In-memory datastores never involve a file artifact so whilst composite disassembly is never an issue, a delegate must at least provide the parameter handler to allow the user to configure such a datastore.

For derived components parameters are handled by the composite component prior to deriving the derived component.
The delegate `StorageClassDelegate.handleParameters()` method will only be called in this situation if no formatter is used (such as with an in-memory datastore).

Formatters
==========

Formatters are responsible for serializing a Python type to a storage system and for reconstructing the Python type from the serialized form.
A formatter has to implement at minimum a `Formatter.read()` method and a `Formatter.write()` method.
The ``write()`` method takes a Python object and serializes it somewhere and the ``read()`` method is optionally given a component name and returns the matching Python object.
Details of where the artifact may be located within the datastore are passed to the constructor by the datastore as a `FileDescriptor` instance.

.. warning::

  The formatter system has only been used to write datasets to files or to bytes that would be written to a file.
  The interface may evolve as other types of datastore become available and make use of the formatter system.
  The interface is being reassessed on :jira:`DM-26658`.

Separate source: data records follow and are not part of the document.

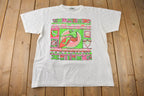 Vintage 1990s Surfing Theme Single Stitch Graphic T Shirt Made In Canada Size XL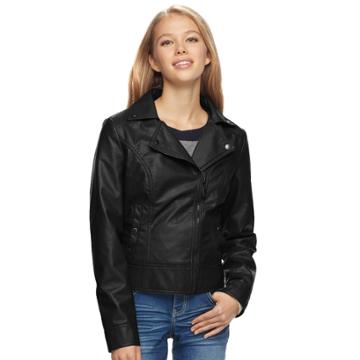 Juniors' J-2 Moto Faux-leather Jacket, Teens, Size: Xl, Black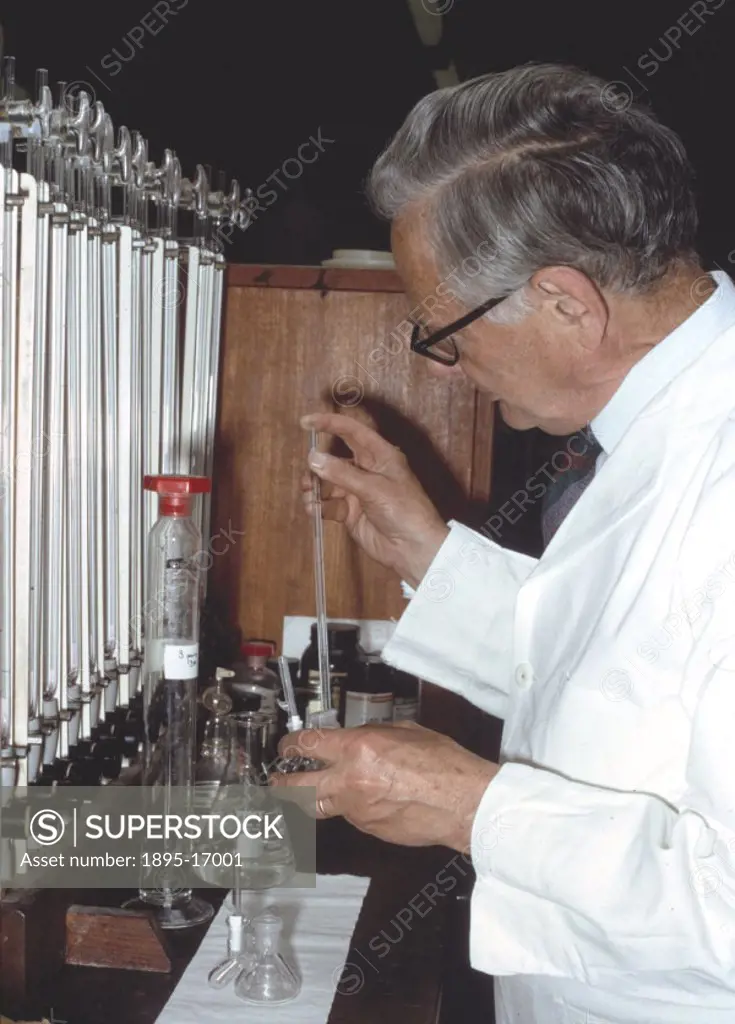 Photograph of Sir Hans Adolf Krebs (1900-1981) who was a biochemist notable for his elucidation of metabolic pathways, especially those concerned with...
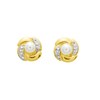 Boucles d'oreilles femme - Clou - Or 18 Carats  - Perle - Diamètre : 3mm - vue V1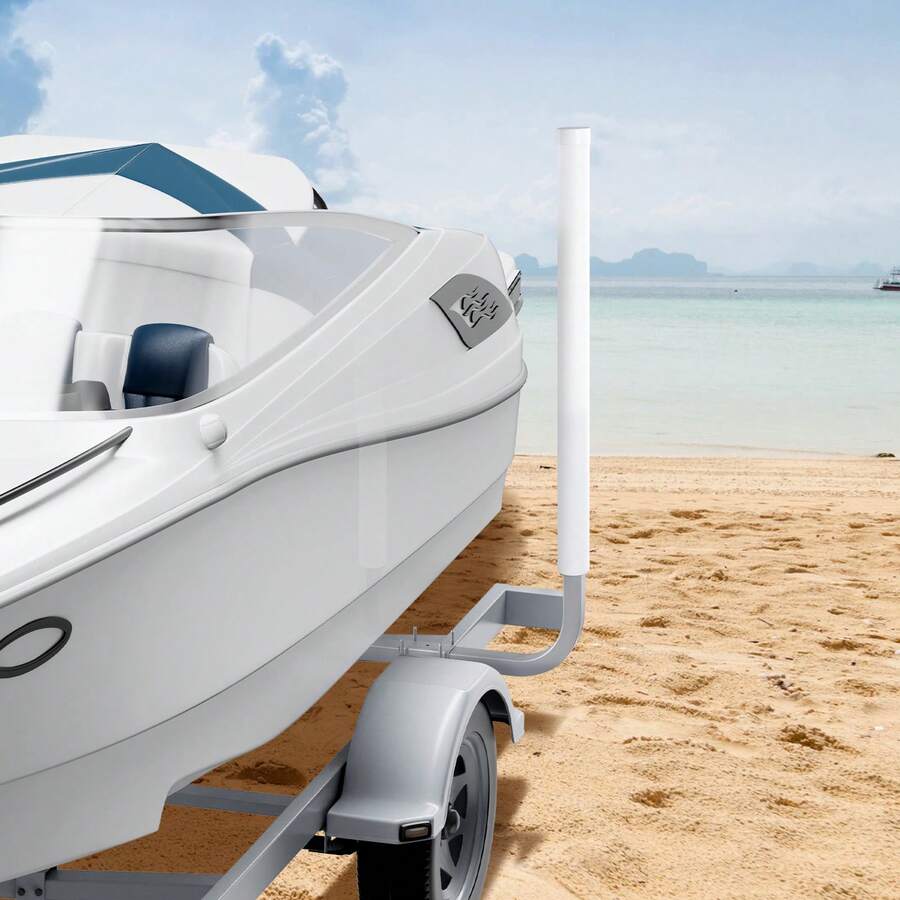 Boat Trailer Guide, 60″ Adjustable Design Trailer Guide Poles, 2PCS High-Hardness Steel Trailer Guide-Ons, Trailer Guides With PVC Pipes, For Ski Boat, Fishing Boat Or Sailboat Trailer - 60 Inches - View 1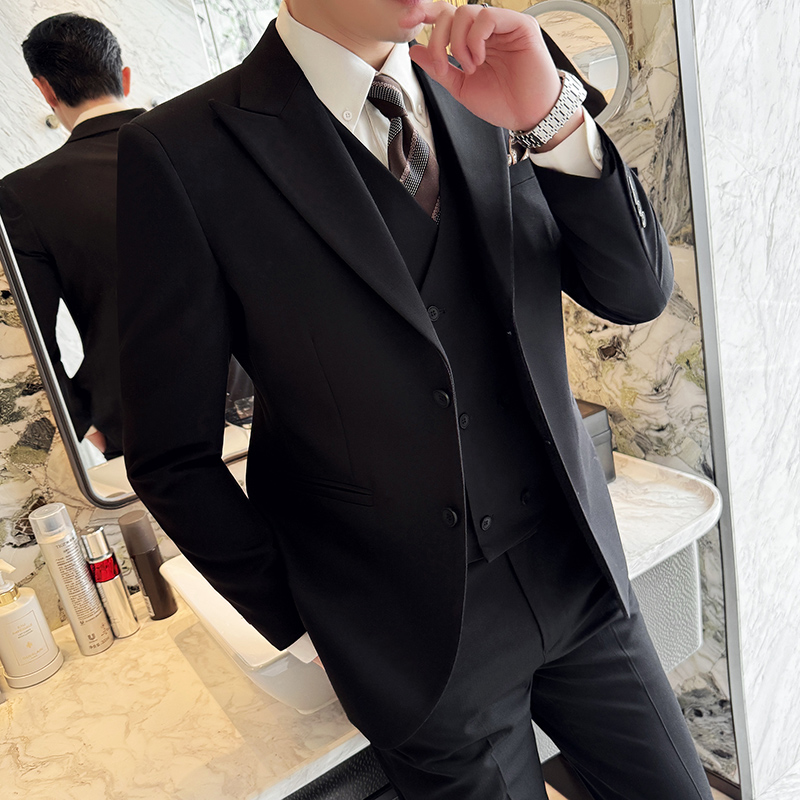 ผู้ชายชุดสูทสามชิ้นธุรกิจ Slim - Men Formal Wear Top บทวิจารณ์และราคา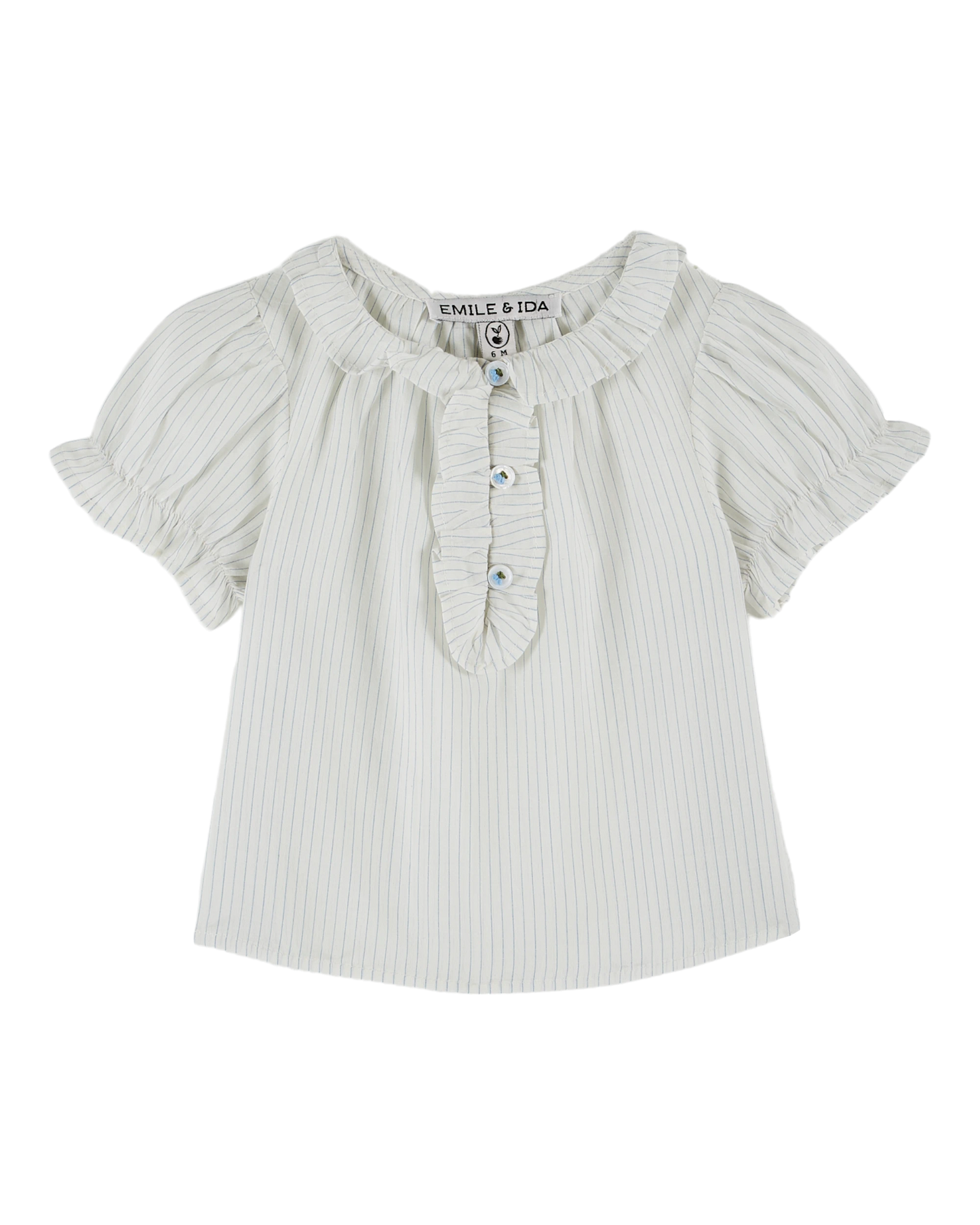 Blouse volants rayures ciel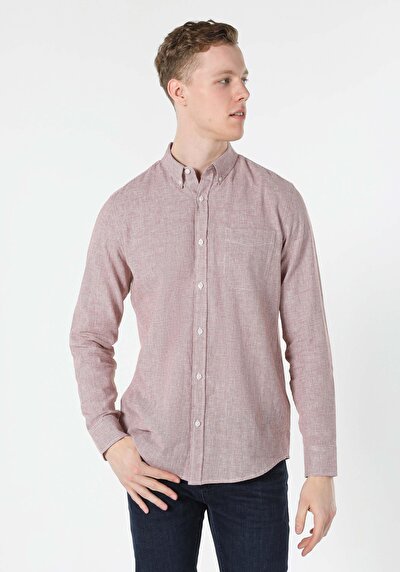 صورة من بني للرجال قميص كم طويل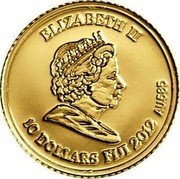 Fiji 10 Dollars Treasures of China 2012 Proof KM# 489 ELIZABETH II 10 DOLLARS FIJI 2012 AU 585 coin obverse Fiji 10 Dollars Treasures of China 2012 Proof KM# 489 ELIZABETH II 10 DOLLARS FIJI 2012 AU 585 coin obverse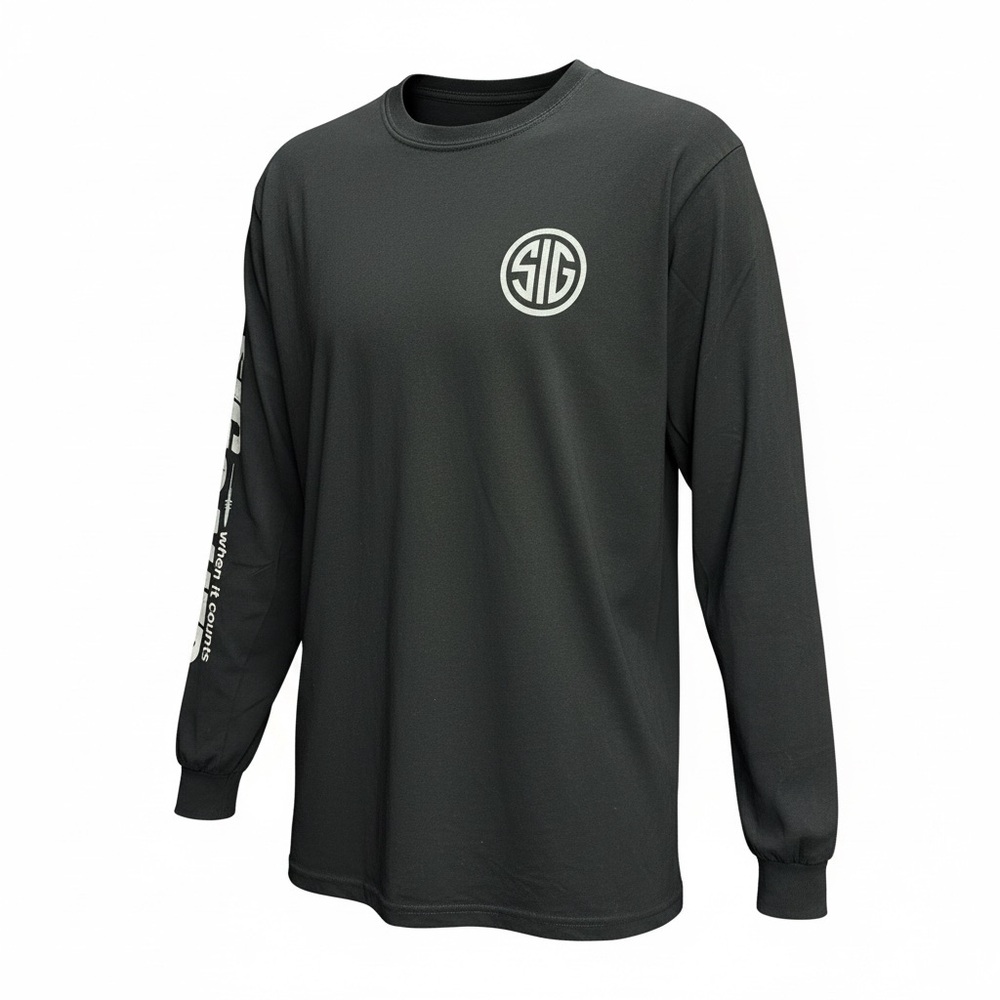 SIG SAUER Black Long-Sleeve Crewneck Shirt 2XL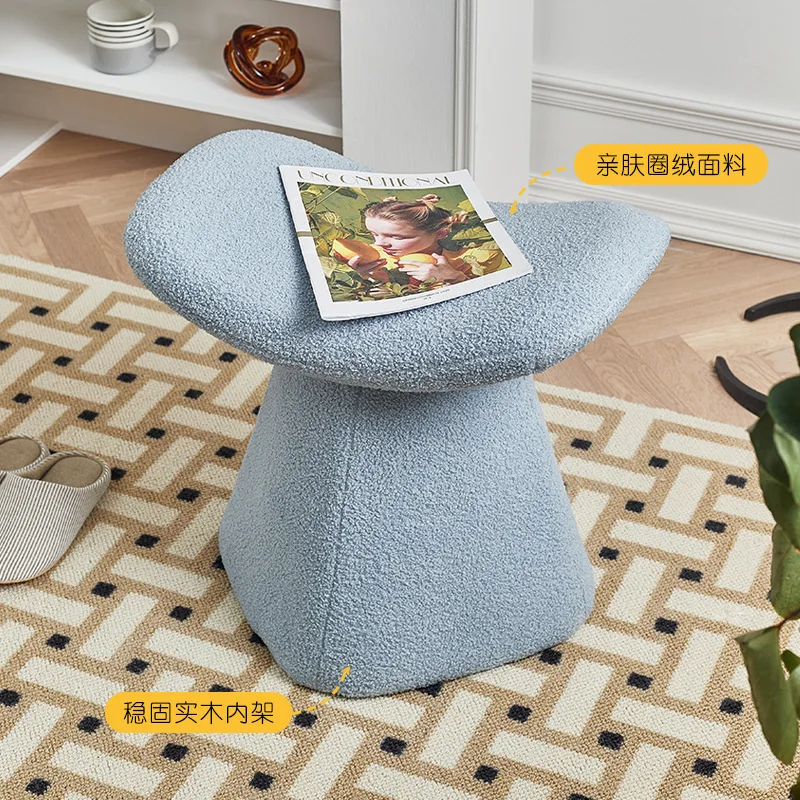& Minimalist Stool Elegant Design Solid Wood Structure Light Luxury Multifunctional Dressing Bench for Girls Bedroom Entryway Us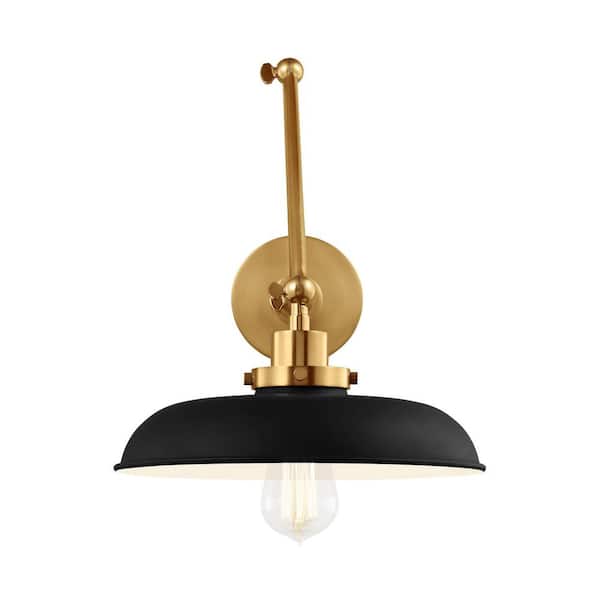 Generation Lighting Wellfleet 11 in. W 1-Light Midnight Black/Burnished Brass Double Arm Wide Task Wall Sconce with Steel Shade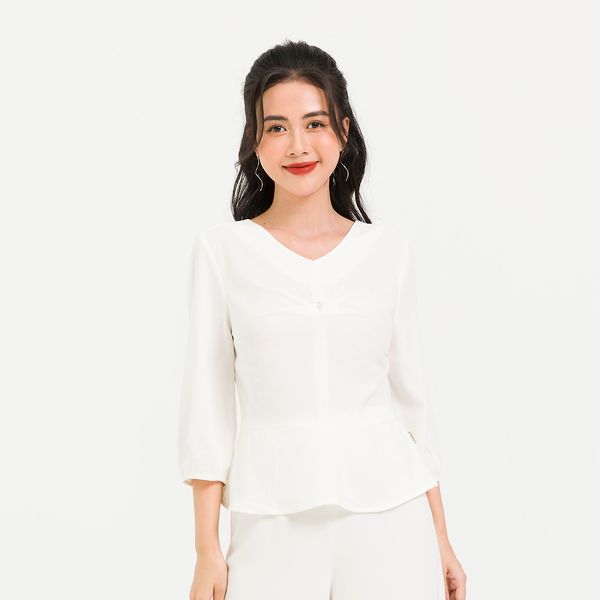 Áo Peplum Xếp Ly Ngực Lamer Màu Trắng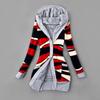 Women's Striped Printed Long Sleeved Autumn Winter Hoodie Button Plush Sweater Cardigan Jacket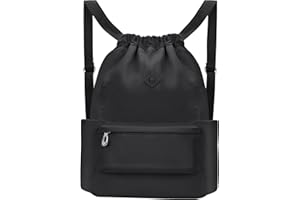 BAVELOE Drawstring Backpack with Wet Pocket Gym Backpack Water-Resistant Cinch String Bag Beach Swim for Women Men（Black）
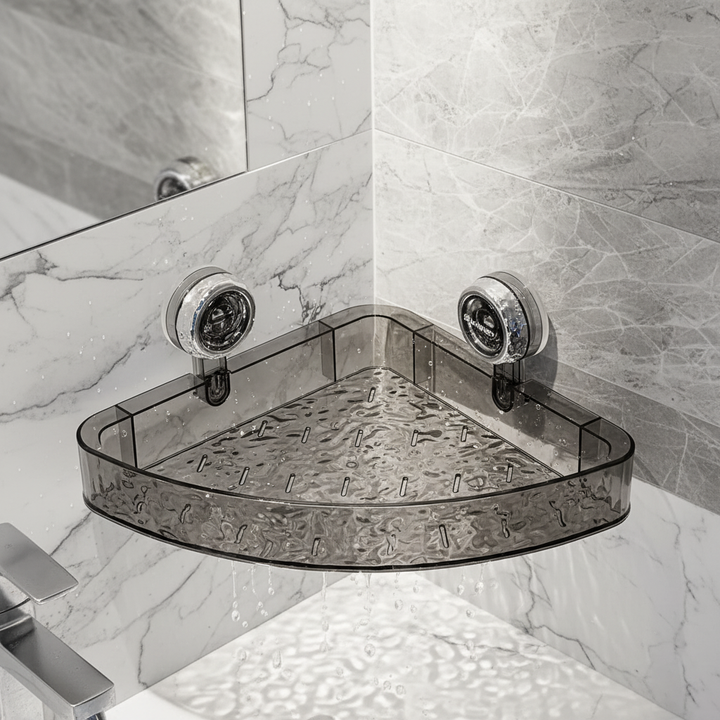 No-Drill Bathroom Wall Storage with Strong Suction Cups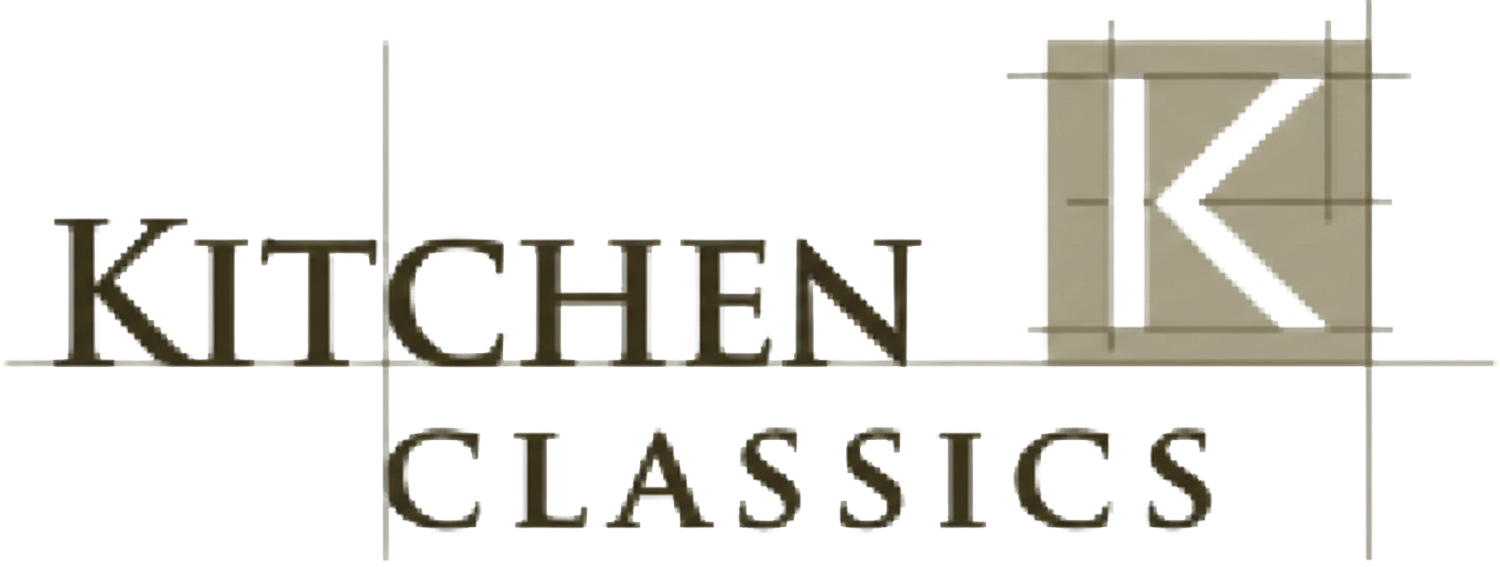 Kitchen Classics logo with beige text and a stylized white K on a tan square background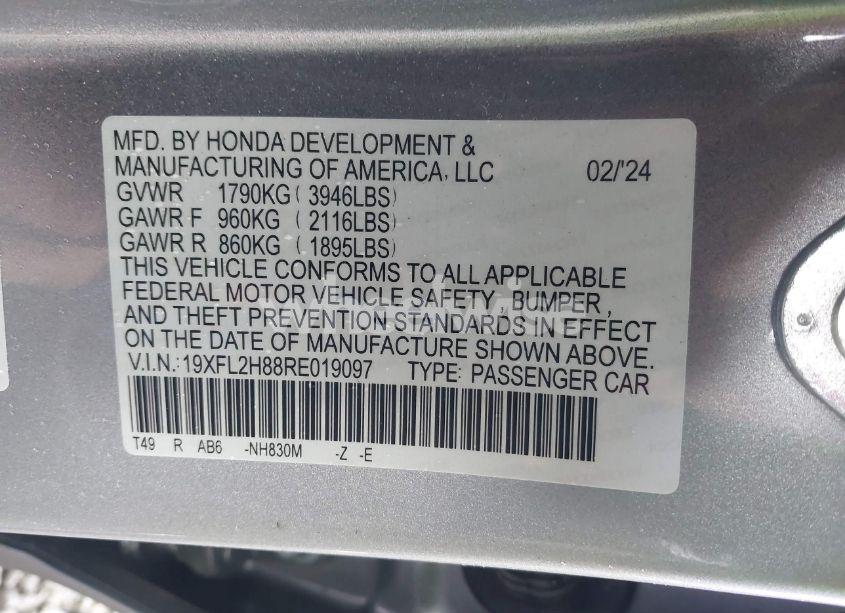 Photo 9 of 2024 Honda Civic SPORT (VIN 19XFL2H88RE019097)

When ingesting files from external sources formatters are associated with each incoming file but these formatters are only required to support a `Formatter.read()` method.
They must though declare all the file extensions that they can support.
This allows the datastore to ensure that the image being ingested has not obviously been associated with a formatter that does not recognize it.

In the current implementation that is focussed entirely on external files in datastores, the location of the serialized data is available to the formatter using the `Formatter.fileDescriptor` property.
This `FileDescriptor` property makes the file location available as a `Location` and also gives access to read parameters supplied by the caller and also defines the `StorageClass` of the dataset being written.
On read the the storage class used to read the file can be different from the storage class expected to be returned by `Datastore`.
This happens if a composite was written but a component from that composite is being read.

File Extensions
^^^^^^^^^^^^^^^

Each formatter that reads or writes a file must declare the file extensions that it supports.
For a formatter that supports a single extension this is most easily achieved by setting the class property `Formatter.extension` to that extension.
In some scenarios a formatter might support multiple formats that are controlled by write parameters.
In this case the formatter should assign a frozen set to the `Formatter.supportedExtensions` class property.
It is then required that the class implements an instance property for ``extension`` that returns the extension that will be used by this formatter for writing the current dataset.

File vs Bytes
^^^^^^^^^^^^^

Some datastores can stream bytes from remote storage systems and do not require that a local file is created before the Python object can be created.
To support this use case an implementer can implement `Formatter.fromBytes()` for reading in from a datastore and `Formatter.toBytes()` for serializing to a datastore.
If a formatter raises `NotImplementedError` when these byte-like methods are called the datastore will default to using the `Formatter.read()` and `Formatter.write()` methods making use of local temporary files.

.. warning::

  This interface has some rough edges since it is not yet possible for the formatter to optionally support bytes directly based on the amount of data involved.
  Even though bytes may be more efficient for small or medium-sized datasets, in some cases with significant datasets the memory overhead of multiple copies may be excessive and a temporary file would be more prudent.
  Neither datastore nor the formatter can opt out of using bytes on a per-dataset basis.

FileFormatter Subclass
^^^^^^^^^^^^^^^^^^^^^^

For many file-based formatter implementations a subclass of `Formatter` can be used that has a much simplified interface.
`~formatters.file.FileFormatter` allows a formatter implementation to be written using two methods: `~formatters.file.FileFormatter._readFile()` takes a local path to the file system and the expected Python type, and `~formatters.file.FileFormatter._writeFile()` takes the in-memory object to be serialized.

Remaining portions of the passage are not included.